Relevant: (3) The results are often "less comprehensive, come from a less authoritative source, or cover only
one important aspect of the query." For example, a review of laptop computers that only discusses five computers and not
all computers within its class. Note that "less authoritative source" can be judged in many ways. If the criterion is
Web page attributes such as number of links, Google is using its own algorithm to validate its algorithm.
Relevant pages, according to the handbook, include a page with a brief article on the topic of the query or a less important subpage
on the correct site. If a query “asks” for a list, according to the guidelines, then a single item is Relevant.
For example, if the query is [ fudge recipes ], a single fudge recipe is Relevant. Thus Google, but that may be
a matter of opinion, depending on what the user intended and the quality of the page.
A rating of Relevant is also used for a homepage that would have been Vital if there had not been a
more dominant interpretation for the query.
Not Relevant: (4) Pages that are not helpful to the query but are somewhat still connected to the original
query. Classifications of a not relevant page would be "outdated, too narrowly regional, too specific, too broad" etc.
One of the examples given is a search for the 'BBC' that returns a specific article from BBC; it is too specific and is
not relevant to the query at hand.
A rating of Not Relevant is also assigned to a page if it has a link to good results on the same site or
another site, but is
not a good result itself. It may be an unimportant or useless sub-page on the correct site or it may be only a link page.
Off-Topic: (5) This is the lowest rating a page can receive for a query. If the returned page is completely not
relevant to the query, it would be given a rating of "off topic." An example given is a query on 'hot dogs' that returns
a page about doghouses.
According to the handbook, A rating of Off-Topic also applies when the result ignores an important modifier or element of the query. For example,
for the query [ universities in India ], An article about universities in Europe is Off-Topic. But this is
a frequent fault of results returned by Google for complex queries.
Worse than bad ratings
Pages that cannot be rated or are spam or undesirable content do not fall in the above scale at all. They have
separate scales.
Results That Can't Be Rated:
Didn’t Load: For pages that return a 404 error, page not found, product not found, server time out, 403
forbidden, login required, and so on.
Foreign Language: This is given to a page that is in a "foreign language" to the "target language" of the
query. English is never a foreign language.
Unratable: When the rater cannot rate it for any other reason.
Flagged pages:
Flags are for pages that require immediate attention. Google lists only two flags:
Pornographic content
Malicious code on pages
Again in theory, a page that is ranked "vital" might have pornographic content. There are no flags for
racist content or dangerous pages that contain instructions on how to commit the perfect crime, complete instructions on
how to build an atomic bomb and where to get the materials etc. It is much more probable that flags are applied and
result in general penalizing or removal of a page, because they relate to the entire page, rather than to results for a
specific query. Malicious code flags evidently result in a warning that "This page may be dangerous to your computer."
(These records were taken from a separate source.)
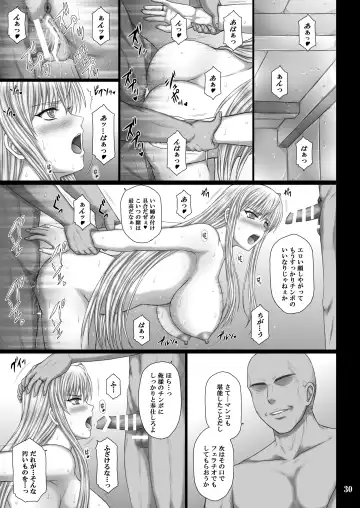 [Aoi Mikku] Seido no Chigiri VALKYRIA SLAVE Fhentai - Page 30
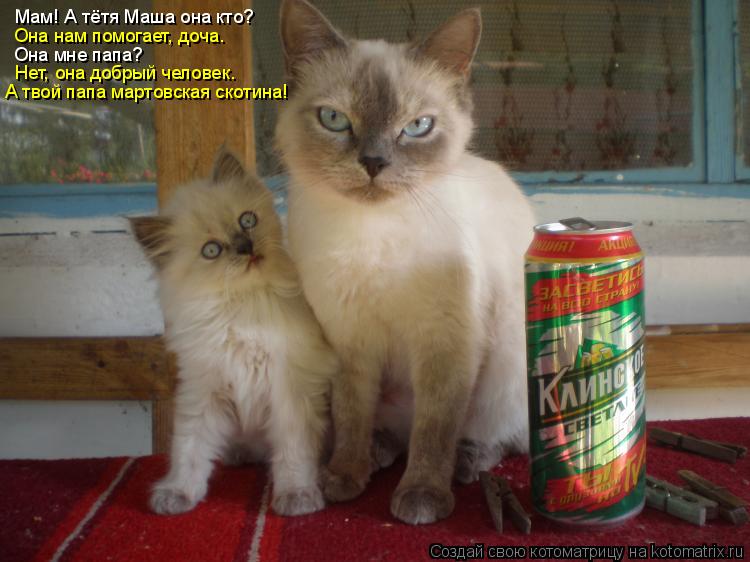 Мам! А тётя Маша она кто? Она нам помогает, доча. Она мне папа? Нет, она добрый человек. А твой папа ... Котоматрица: Мам! А тётя Маша она кто? Она нам помогает, доча. Она мне папа? Нет, она добрый человек. А твой папа мартовская скотина!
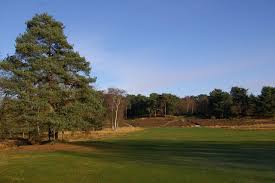 Image result for Reigate Heath Golf Club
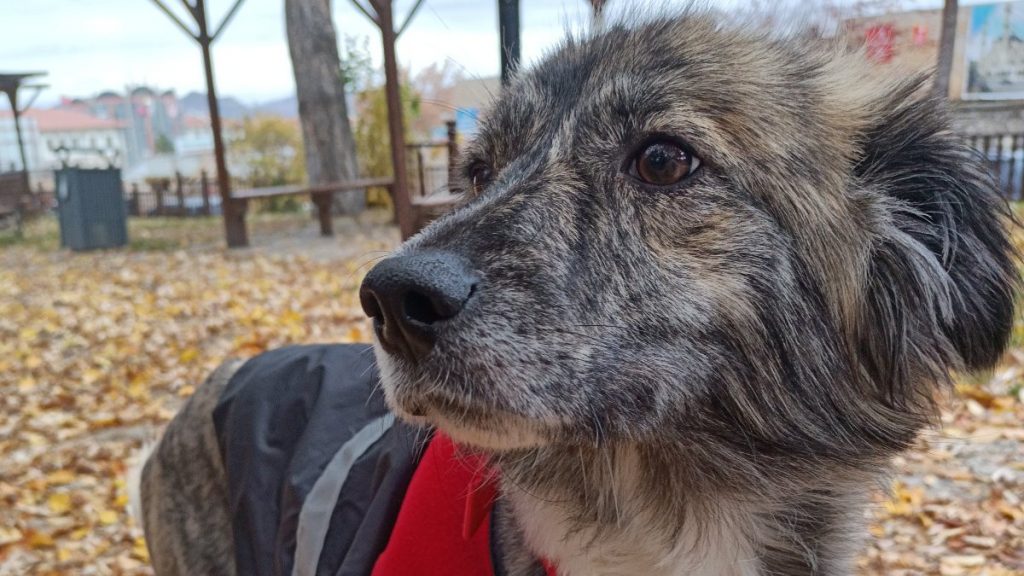 Sivas’ta 1 haftadır kayıp Dobby’i bulana ödül verilecek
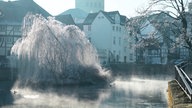 Ihre schönsten Frost-Fotos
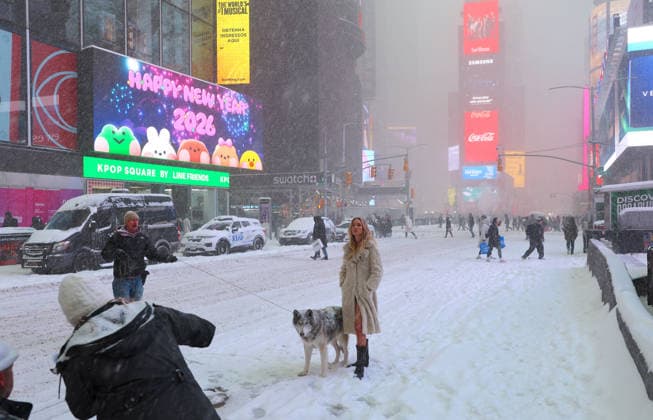 Holly Graves Fotoshooting mit einem Wolf auf dem Times Square in New York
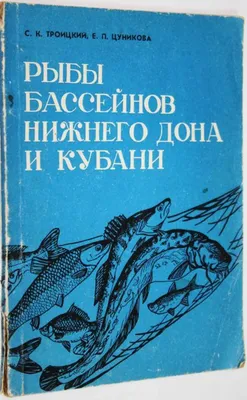 Купить кефаль Невод Кубани Черноморская непотрошеная охлажденная 350 г,  цены на Мегамаркет | Артикул: 100033206345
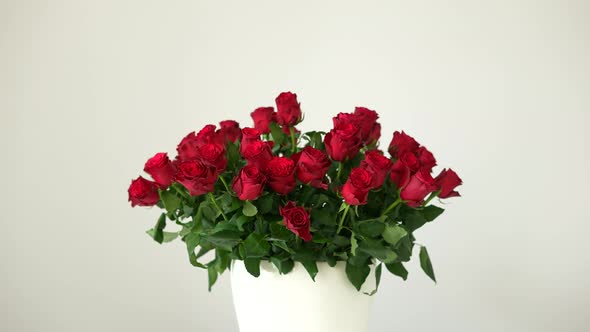 Red Roses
Actual Positioning and Search quality rating
As far as we can tell, raters are never told what the positioning of the query result was. They are shown the query
and one result. They are not told if the user in question actually clicked on that result or not. In fact, we have no
idea how Google's system decides to select a particular query result for rating, or who the results of the rating may be
used to change the search algorithm.
Influence of Ratings on Search Results
If Google indeed uses these quality ratings to influence their results, then they are violating their own declared
code. Google queries often list racist or obnoxious content, as for example, for keyword "Jew." Google puts a notice
with these results that explains that they are also disturbed by the results, but they cannot suppress them because that
would disturb their algorithm. Since Google can and does suppress pages flagged as spam or malware, their notice is
counterfactual evidently.
Spam
There is a large section on SPAM that appears in some of the versions of the handbook on the Web, while only an
abbreviated version seems to be shown in other versions. The labels for SPAM are:
Not Spam: The not spam rating is given to a page that "has not been designed using deceitful web design
techniques."
Maybe Spam: This label is given when you feel the page is "spammy," but you are not 100% convinced of that.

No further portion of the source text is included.